Their flagship group (NN Running Team) had a tough spring marathon cycle. In Rotterdam, Abdi Nageeye ran great but otherwise their better results were in XC.
Also Rosa also had a rough one today, though Timothy Kiplagat was quite good in Tokyo. But Mutiso likely bumped him for the last Kenyan spot. The winner in Tokyo Kebede was wearing Nikes. I tend to think the shoe differences are marginal at this point and we are talking about training/race execution at this point.
This post was edited 6 minutes after it was posted.
Cap is gone and someone new is responsible for this really bad pro team situation. Cap would have never allowed it to get this bad. Love him or hate him Cap did a great job
Running races are now a contest between shoes.
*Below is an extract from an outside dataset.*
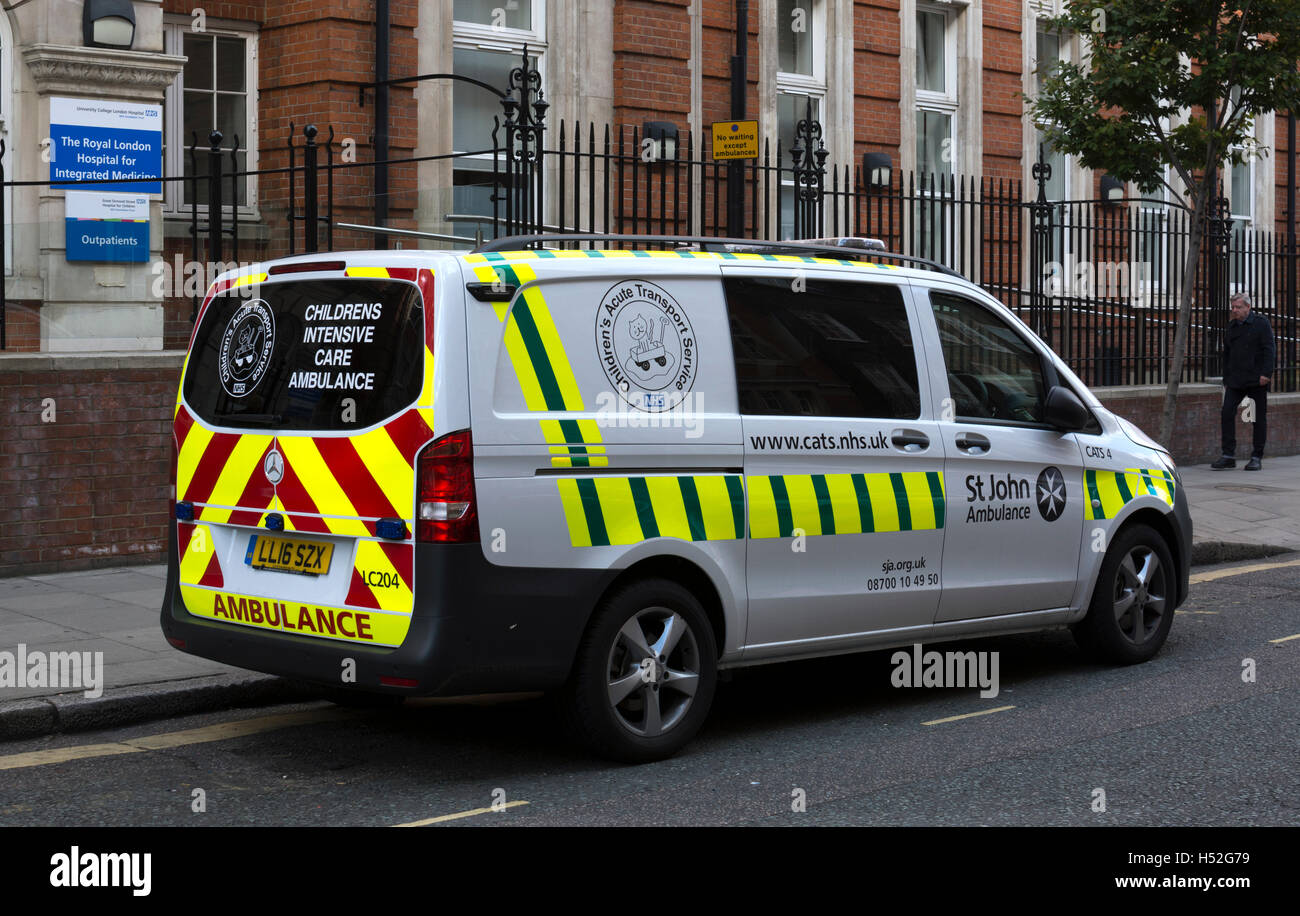 Ambulancia de cuidados intensivos de niños estacionado en Great Ormond Street, London, UK Foto de stock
They used to be contests between people.
I think you could have said that 5 years ago when the vaporfly was the only game in town but these days everyone has a relatively comparable super shoe. (Except poor Des and CJ)
Yeah this is actually the reality. It was the same when the brand was dominating every major 'thon 4-5 years ago, and it was the same when adidas was dominating every major 'thon 6-10 years ago.
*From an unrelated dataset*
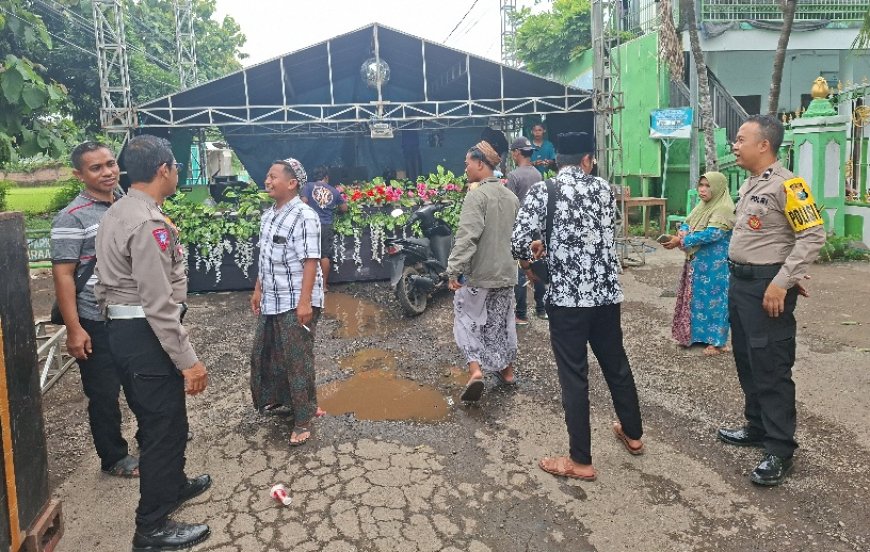 Responsif dan Humanis, Personil Polsek Besuki Laksanakan Patroli Dialogis di Area Ponpes Miftahul Ulum Desa Langkap.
I think in general there is far more luck to this than we understand. Sometimes brands are just right place right time with a group of athletes and it's actually hard to have product that is a detriment to those groups because honestly all brands products are fundamentally the same (lightweight, high cushion, high rebound, stiff shoes).
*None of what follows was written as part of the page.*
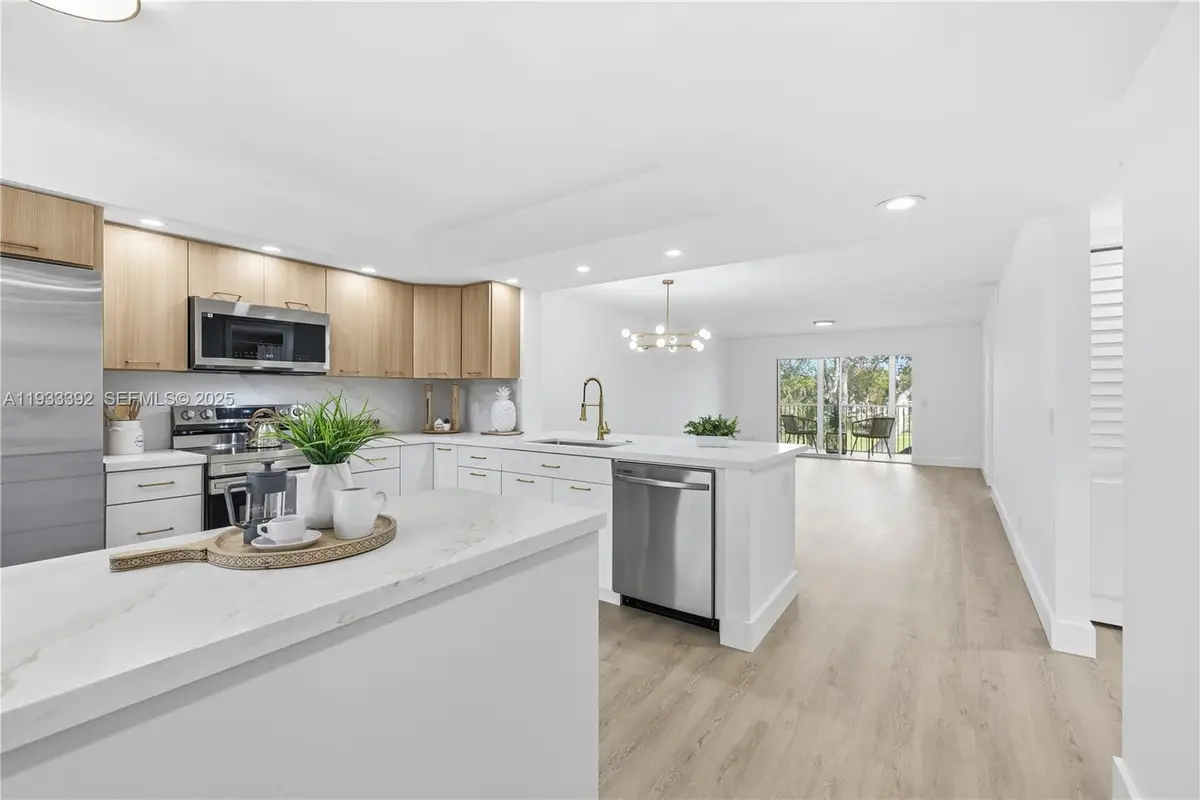 1101 SW 128th Ter #313C, Pembroke Pines, FL 33027 - Image #1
The best "RPRT" came with Nike and Kipchoge who was really the reason the whole breaking 2 program was a success. And look at his credentials - he's on the all-time Mt Rushmore of distance running talent.
Right now Adi has lucked into the best talent - especially on the women's side, the same way Nike were lucky and then unlucky with the tragic Kiptum circumstances. All cyclical and all very random, trust me.
These running shoe companies copy each others technology so all the shoes are on a level playing field now, there is no longer an advantage wearing a particular brand of shoe.
Running races are now a contest between shoes. They used to be contests between people.
I think you could have said that 5 years ago when the vaporfly was the only game in town but these days everyone has a relatively comparable super shoe. (Except poor Des and CJ)
It's exactly this.
How much difference do we really believe is between each brands top shoes?
The foams in these shoes are all fundamentally the same - it's some kind of nitrogen-infused super critical foam whether its a PEBAX base material, PEBA, or some other type of TPEE. Every brand has some "exclusive" supplier but it's all the same stuff.
The process is also the same - autoclave sheets of the base material and then compression mold it. The only difference right now is adidas with the EVO pro shoe who don't do the last step but just mill the midsoles as the compression process increases weight and reduces some resiliency, but all their other "pro" shoes are manufactured the same.
Then you have something to make what would ordinarily be a very soft and overly flexible midsole stiff. Almost everyone uses a nylon plate with some carbon fiber powder in it (so they can call it a "carbon plate" and make shoe nerds and LRC message-board posters peenies stiff) - adidas has rods because they were afraid of being sued by Nike if they copied the plate.
The uppers are all the same - just different branding on them with no performance benefit at all.
And yes just as you said, when Nike was the only brand with this makeup of shoe they dominated. Now everyone follows this recipe they don't. Simple premise.
> Kenny B ditched Nike to run in Anta's and finished 2nd
> The female winner Jepchirchir ran in Adidas
> Three of the top 4 women ran in Pro Evo 1's, all of the Alphafly 3 racers fell off the lead pack just after halfway
Honestly an embarassing showing after runfluencers have claimed the AF3 is the greatest shoe of all time for the last year or so.
Nike’s two rounds of Alphafly 3s both sold out in minutes and now can only be purchased on secondary markets. Nike’s challenges relate to satisfying existing demand for these shoes; it has no problem selling them.
I think the fact that so many people know what shoes these people are wearing to win their races, and actually care is another reason why the sport of distance running is now completely irrelevant.